● Supplied records:
---*---

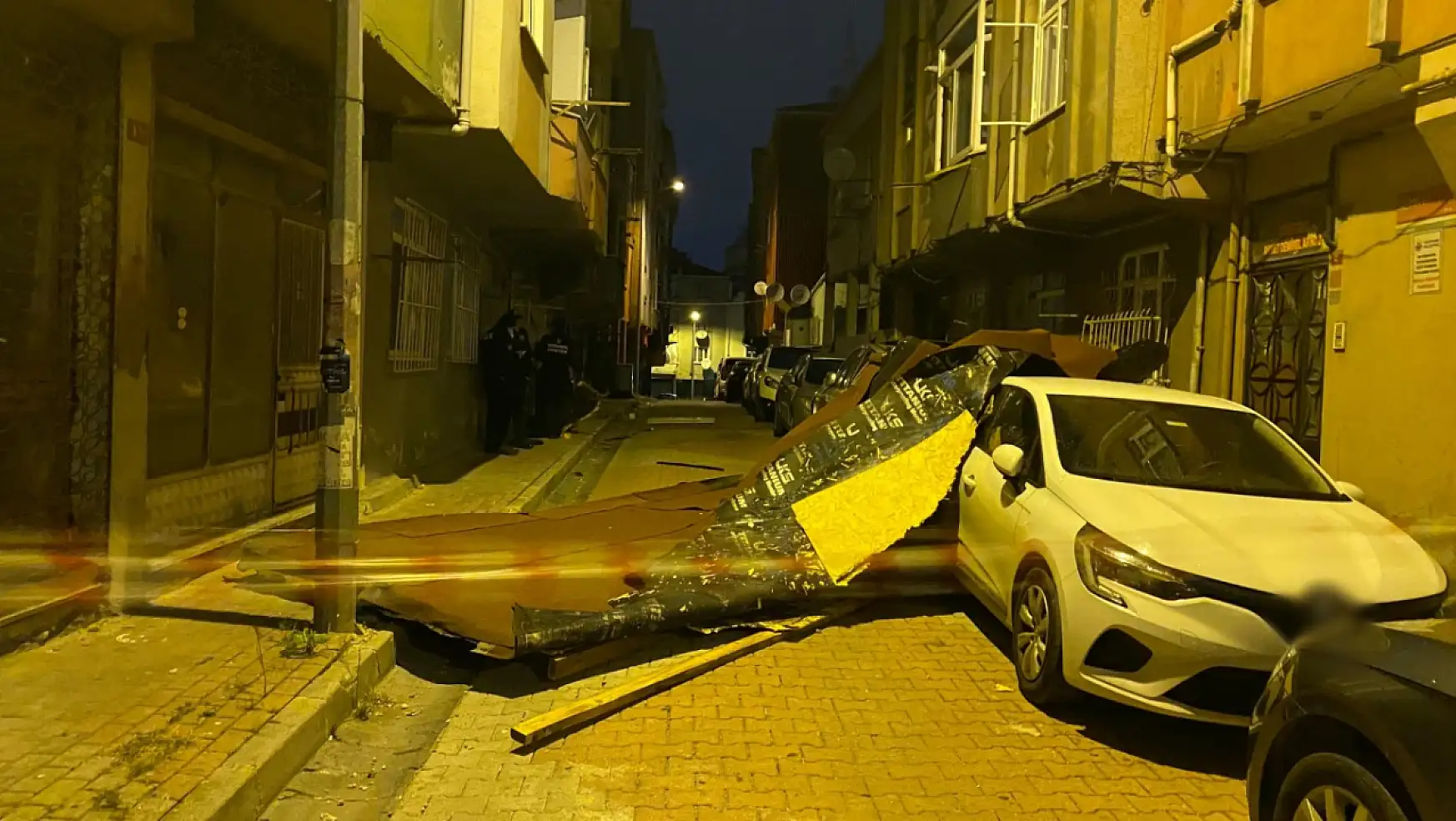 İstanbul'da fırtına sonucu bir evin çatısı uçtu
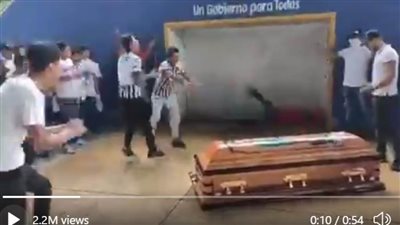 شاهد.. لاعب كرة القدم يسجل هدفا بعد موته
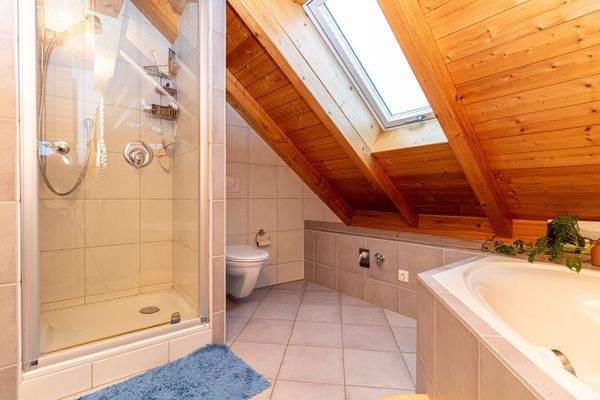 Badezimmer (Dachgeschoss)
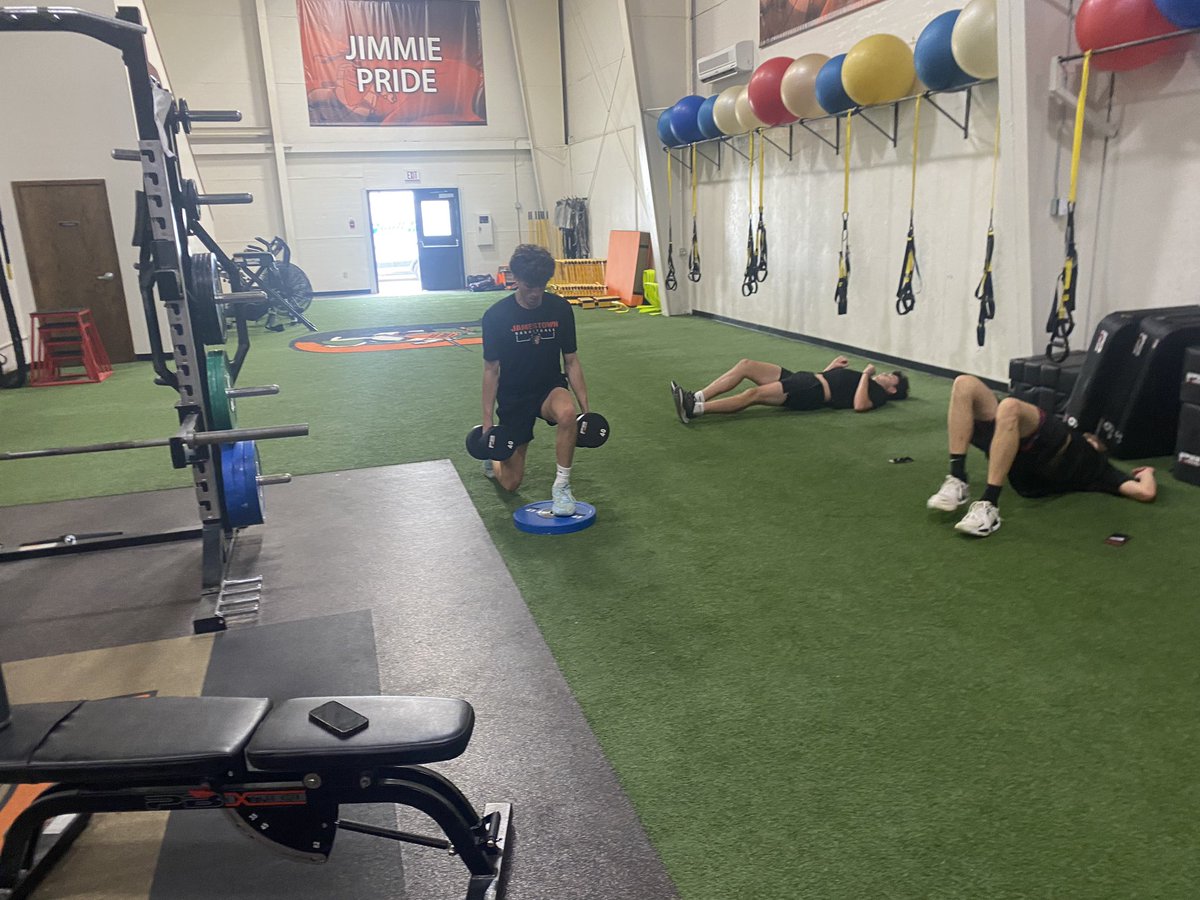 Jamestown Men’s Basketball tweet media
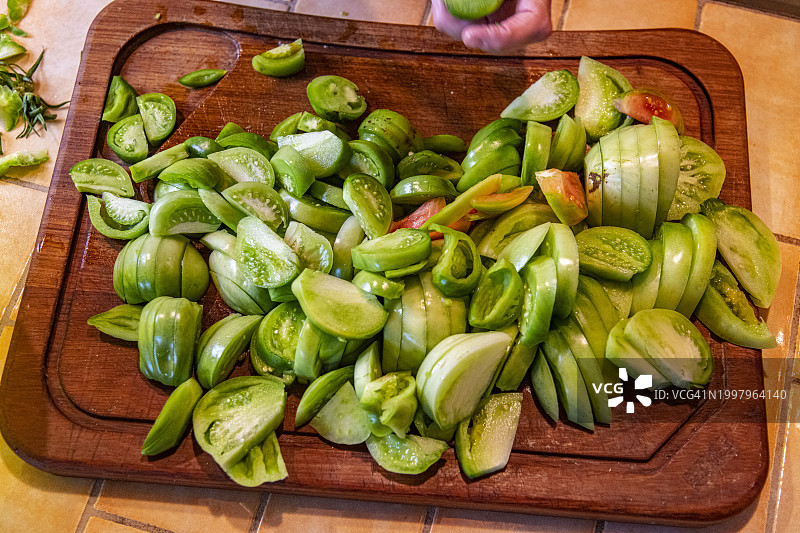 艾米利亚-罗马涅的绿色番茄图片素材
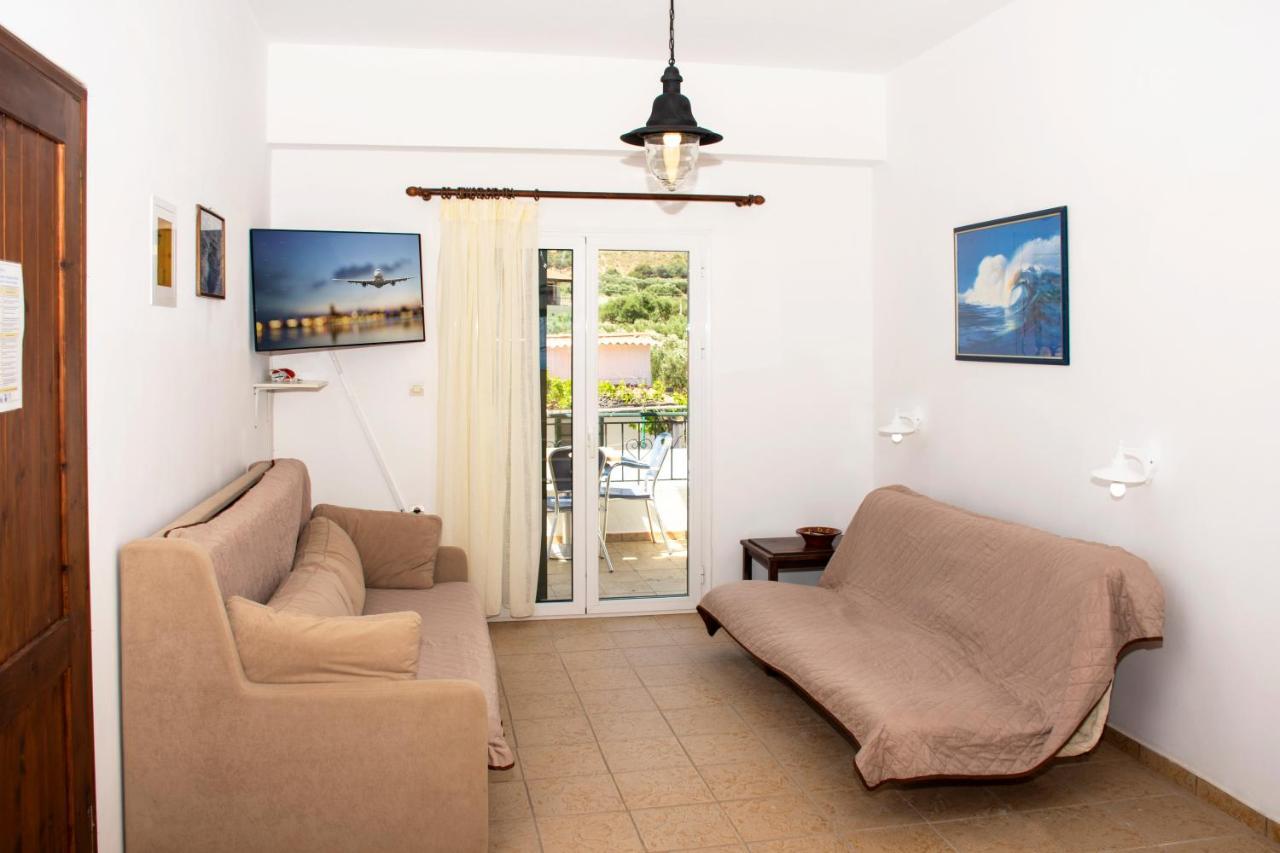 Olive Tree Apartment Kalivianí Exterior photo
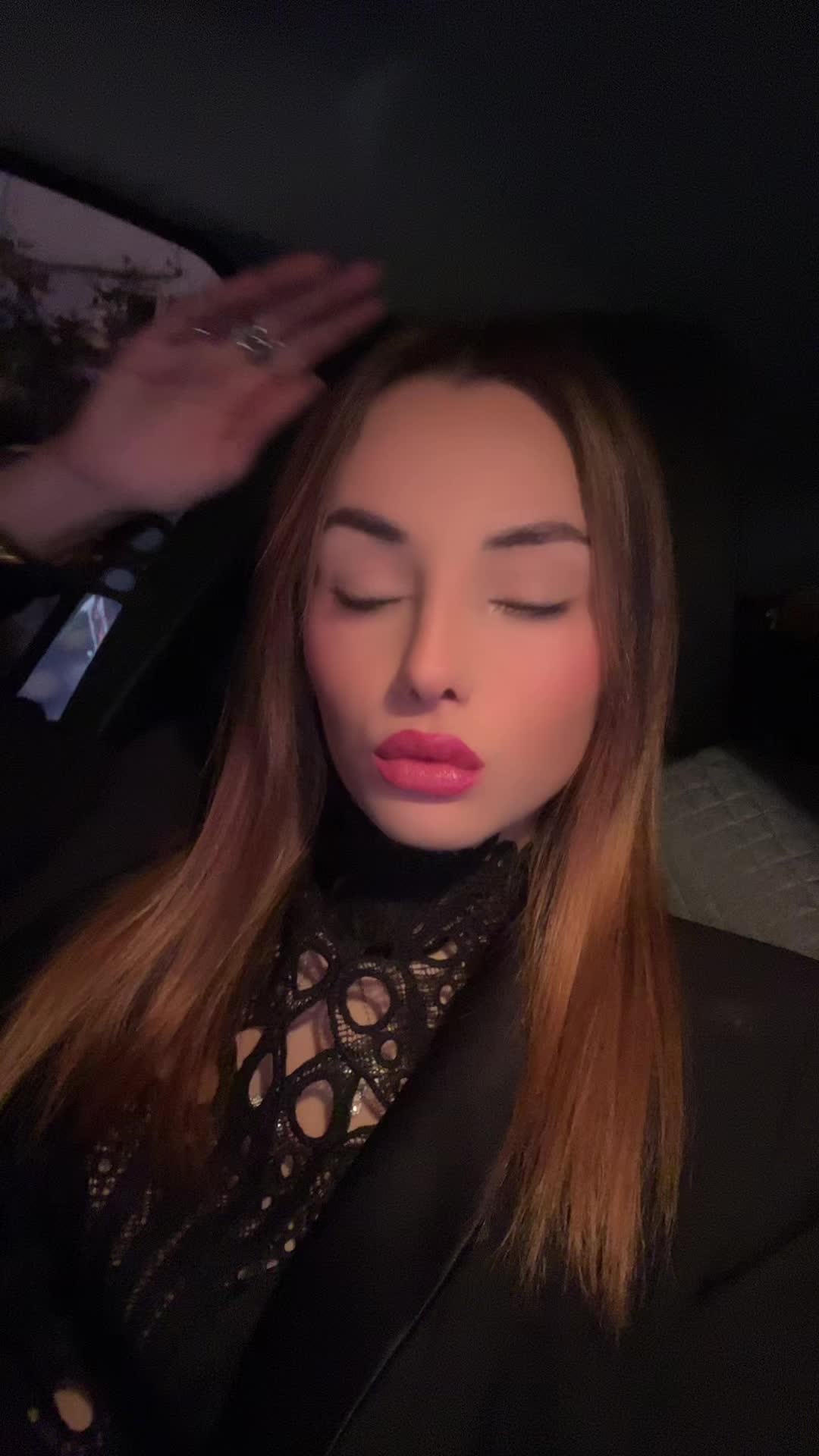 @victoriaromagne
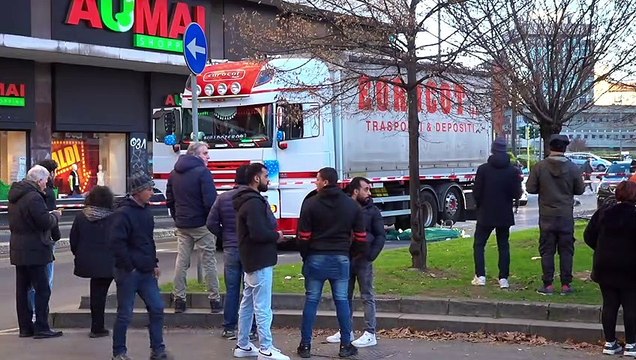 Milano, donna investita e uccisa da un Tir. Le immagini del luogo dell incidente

---*---

● Directions:
Quote all the lines above exactly as given. Do not include the pictures.

● Output of the exercise:
 İstanbul'da fırtına sonucu bir evin çatısı uçtu
 شاهد.. لاعب كرة القدم يسجل هدفا بعد موته
 Badezimmer (Dachgeschoss)
 Jamestown Men’s Basketball tweet media
 艾米利亚-罗马涅的绿色番茄图片素材
 Olive Tree Apartment Kalivianí Exterior photo
 @victoriaromagne
 Milano, donna investita e uccisa da un Tir. Le immagini del luogo dell incidente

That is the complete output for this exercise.